Well, Sproul argues, look at how you are behaving. If you aren’t following the rules, then you are like the Pharisees and not saved. Jesus chastises the Pharisees for tithing mint and dill but neglecting mercy and faithfulness. And, Sproul notes, lots of people in churches are not even doing as well as the Pharisees. “I’ve read studies that indicate only 4 percent of members of evangelical churches tithe today, which means that 96 percent of professing evangelical Christians systematically rob God of their tithes.”
Lest you think that is an isolated example
I think it’s theoretically possible for a regenerate Christian to fall into such slothfulness in his spiritual growth that he neglects the means of grace—the assembling together of the saints—and that he gets himself into a pattern where he doesn’t go to church except twice a year. That is conceivable, and it is possible if you are numbered among those people that you are still in fact a Christian.

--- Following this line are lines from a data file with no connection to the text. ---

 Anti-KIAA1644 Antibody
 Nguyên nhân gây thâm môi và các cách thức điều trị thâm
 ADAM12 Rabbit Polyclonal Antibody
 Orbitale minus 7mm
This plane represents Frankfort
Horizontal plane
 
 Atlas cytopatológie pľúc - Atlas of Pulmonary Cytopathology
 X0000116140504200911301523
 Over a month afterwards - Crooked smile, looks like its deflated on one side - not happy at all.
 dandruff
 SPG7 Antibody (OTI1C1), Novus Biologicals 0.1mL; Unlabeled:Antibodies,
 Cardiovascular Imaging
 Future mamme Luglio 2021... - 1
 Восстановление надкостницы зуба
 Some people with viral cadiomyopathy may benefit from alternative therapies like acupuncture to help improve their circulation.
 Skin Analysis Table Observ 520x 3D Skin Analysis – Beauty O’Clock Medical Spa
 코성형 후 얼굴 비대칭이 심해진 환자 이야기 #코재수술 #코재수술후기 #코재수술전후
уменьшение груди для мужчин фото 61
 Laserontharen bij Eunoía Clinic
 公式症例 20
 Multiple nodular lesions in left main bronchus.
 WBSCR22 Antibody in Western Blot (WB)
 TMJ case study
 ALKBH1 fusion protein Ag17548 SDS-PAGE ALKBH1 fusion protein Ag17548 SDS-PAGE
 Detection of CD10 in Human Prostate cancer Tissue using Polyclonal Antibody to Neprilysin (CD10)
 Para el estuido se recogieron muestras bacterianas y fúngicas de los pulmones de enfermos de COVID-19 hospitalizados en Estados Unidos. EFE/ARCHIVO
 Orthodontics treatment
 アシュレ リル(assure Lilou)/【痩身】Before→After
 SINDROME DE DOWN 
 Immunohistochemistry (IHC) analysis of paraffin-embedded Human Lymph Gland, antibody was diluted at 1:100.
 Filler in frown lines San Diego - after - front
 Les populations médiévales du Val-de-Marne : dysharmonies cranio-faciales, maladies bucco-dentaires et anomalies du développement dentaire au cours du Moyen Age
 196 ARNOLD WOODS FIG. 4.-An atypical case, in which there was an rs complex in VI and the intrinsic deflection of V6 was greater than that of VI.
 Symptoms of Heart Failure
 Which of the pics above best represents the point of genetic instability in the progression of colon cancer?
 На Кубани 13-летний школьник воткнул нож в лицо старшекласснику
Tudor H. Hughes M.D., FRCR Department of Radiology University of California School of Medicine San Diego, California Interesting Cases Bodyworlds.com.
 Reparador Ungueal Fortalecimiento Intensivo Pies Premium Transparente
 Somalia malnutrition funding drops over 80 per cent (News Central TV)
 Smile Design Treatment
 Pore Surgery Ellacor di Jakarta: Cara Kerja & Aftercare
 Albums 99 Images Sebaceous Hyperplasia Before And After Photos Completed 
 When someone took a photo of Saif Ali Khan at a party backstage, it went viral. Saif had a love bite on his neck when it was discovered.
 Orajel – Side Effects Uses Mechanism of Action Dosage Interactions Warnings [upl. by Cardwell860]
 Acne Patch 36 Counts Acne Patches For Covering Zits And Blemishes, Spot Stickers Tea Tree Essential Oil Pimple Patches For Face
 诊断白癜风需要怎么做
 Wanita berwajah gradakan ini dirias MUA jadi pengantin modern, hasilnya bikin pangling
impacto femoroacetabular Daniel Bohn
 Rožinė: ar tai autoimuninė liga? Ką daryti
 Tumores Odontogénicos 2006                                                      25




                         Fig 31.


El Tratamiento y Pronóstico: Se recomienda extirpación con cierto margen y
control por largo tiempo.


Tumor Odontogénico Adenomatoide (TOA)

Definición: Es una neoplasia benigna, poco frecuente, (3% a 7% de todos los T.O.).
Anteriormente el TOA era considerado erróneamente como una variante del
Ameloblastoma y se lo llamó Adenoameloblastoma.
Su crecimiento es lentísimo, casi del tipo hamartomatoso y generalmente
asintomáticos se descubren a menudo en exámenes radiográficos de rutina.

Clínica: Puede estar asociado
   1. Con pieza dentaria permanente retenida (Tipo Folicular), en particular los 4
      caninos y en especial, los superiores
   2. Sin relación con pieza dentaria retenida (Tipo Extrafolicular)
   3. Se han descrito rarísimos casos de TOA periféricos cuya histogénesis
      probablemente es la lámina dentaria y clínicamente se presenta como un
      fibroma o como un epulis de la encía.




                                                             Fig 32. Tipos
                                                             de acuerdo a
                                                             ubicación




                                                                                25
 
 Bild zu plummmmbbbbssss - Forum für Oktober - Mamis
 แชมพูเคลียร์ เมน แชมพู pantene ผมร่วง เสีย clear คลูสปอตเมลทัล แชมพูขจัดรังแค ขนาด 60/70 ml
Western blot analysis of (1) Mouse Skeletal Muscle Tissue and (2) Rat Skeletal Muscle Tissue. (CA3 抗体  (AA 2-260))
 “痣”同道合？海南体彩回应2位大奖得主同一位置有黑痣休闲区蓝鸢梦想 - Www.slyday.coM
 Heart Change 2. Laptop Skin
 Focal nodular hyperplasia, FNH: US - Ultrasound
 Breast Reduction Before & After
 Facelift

But, dear friend, the odds against it are astronomical.
The odds are against it? Uh, are we playing the odds here? Is the test of faith simply going to church and giving 10% of your earnings (before or after tax?) to God? Sproul knows better than that. I know that isn’t what he really means. But it is what he is saying.
Reducing growing in holiness to the question of how much to give to your local church or how many times a month you attend church services cheapens the underlying message of the book. Patiently pursue love—that is excellent advice to growing in holiness. Make sure you tithe? That is awful advice to growing in holiness. The difference? The first is a change of heart, which will inevitably lead to better action. The second is a change in action, which may never result in a change in heart. Sproul would almost certainly agree with that, which is what makes parts of this book so incredibly disappointing.